Environment Canada confirms local tornado activity

 

 

By Ron Giofu

 

It took until the weekend, but Environment Canada has now acknowledged that Amherstburg had tornado activity.

Meteorologist Gerald Cheng noted the brick welcome sign was destroyed near the north entrance to the town and that, as of last Friday morning, there were two machine sheds damaged in town as well as a garage as a result of the Sept. 25 storm. A tornado warning was issued and Cheng didn’t have a confirmed report as of Friday, but Environment Canada reported on the weekend that one confirmed tornado and one “probable” tornado came through Amherstburg.

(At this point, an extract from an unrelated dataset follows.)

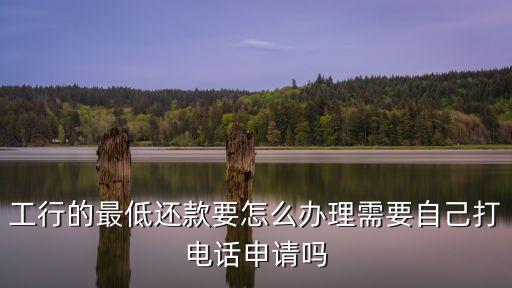 工行最低還款額怎么弄，工行信用卡如何設(shè)置最低還款額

“We issued the tornado warning based on radar,” he said.

Cheng pointed out there were three confirmed tornadoes in the United States and that track did move into Canada.

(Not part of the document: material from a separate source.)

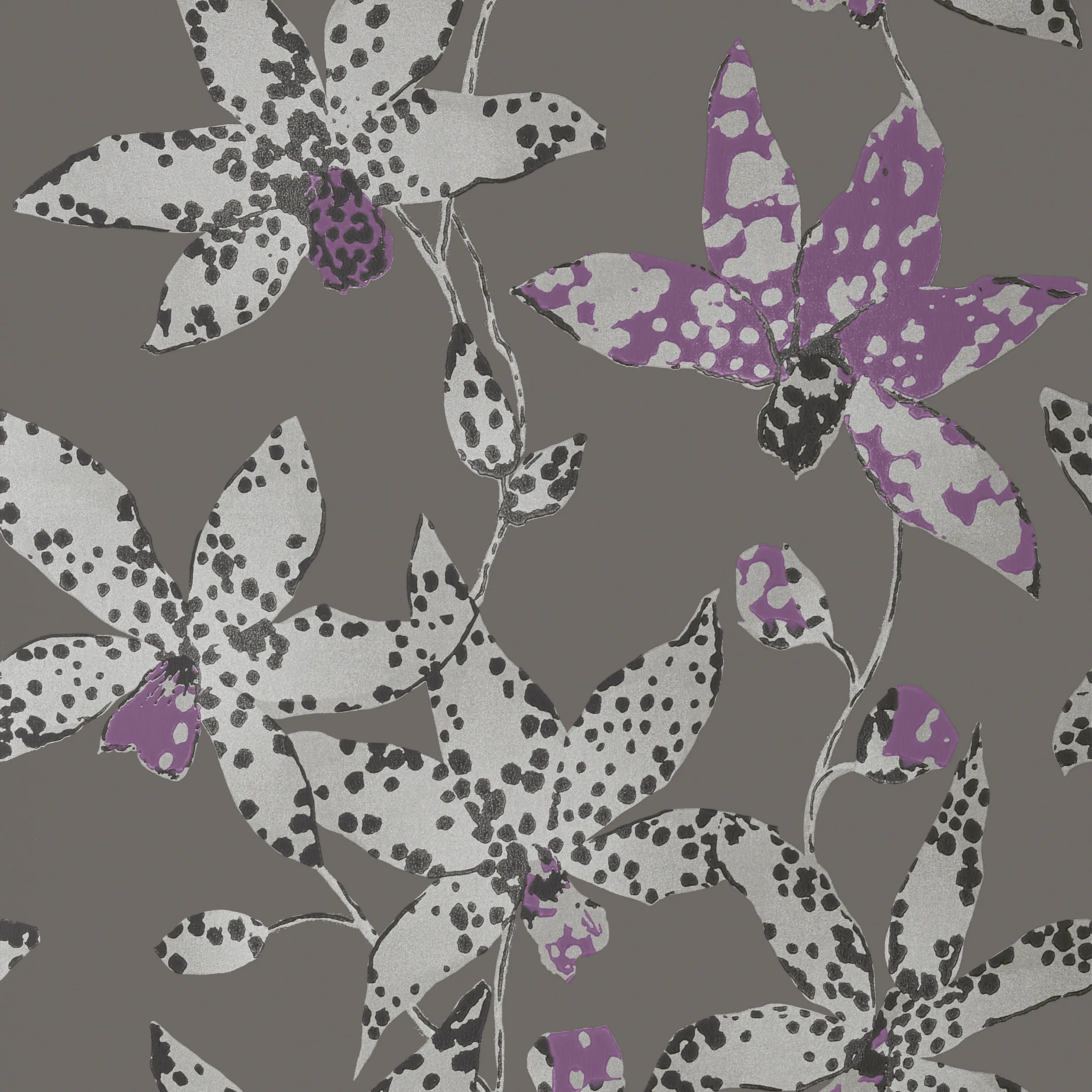 Anna French Spotted Orchid in Silver on Charcoal (AT6047)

Environment Canada confirmed over the weekend that “a probable tornado affected the Amherstburg area. Damage consisted of a brick welcome sign being blown over as well as large tree branches down. This is consistent with EF-0 damage. In this case there was no evidence of a long and narrow path of damage which is typical of tornadoes. However, the area affected was in line with the damage path of a tornado that occurred earlier in Michigan. As a result, this is a probable tornado.”

Duncan Fregoe stands near what is left of his pump house and barn at his Texas Road property.

A confirmed tornado affected the McGregor area, Environment Canada added.

“Damage here consisted of a garage that was pushed over, roof damage and large trees down. This damage is indicative of an EF-1 tornado with maximum winds of approximately 150 km/h. The damage path had a length of roughly 2 km and width of 50 m,” Environment Canada reported.

Another EF-1 tornado reportedly hit the Staples area as well.

People are encouraged to e-mail photos of storm damage to onstorm@canada.ca or put them on Twitter with the hashtag #OnStorm so that Environment Canada may view them as part of the investigation.

Amherstburg saw an estimated 40mm of rain during the Sept. 25 storm, Cheng added.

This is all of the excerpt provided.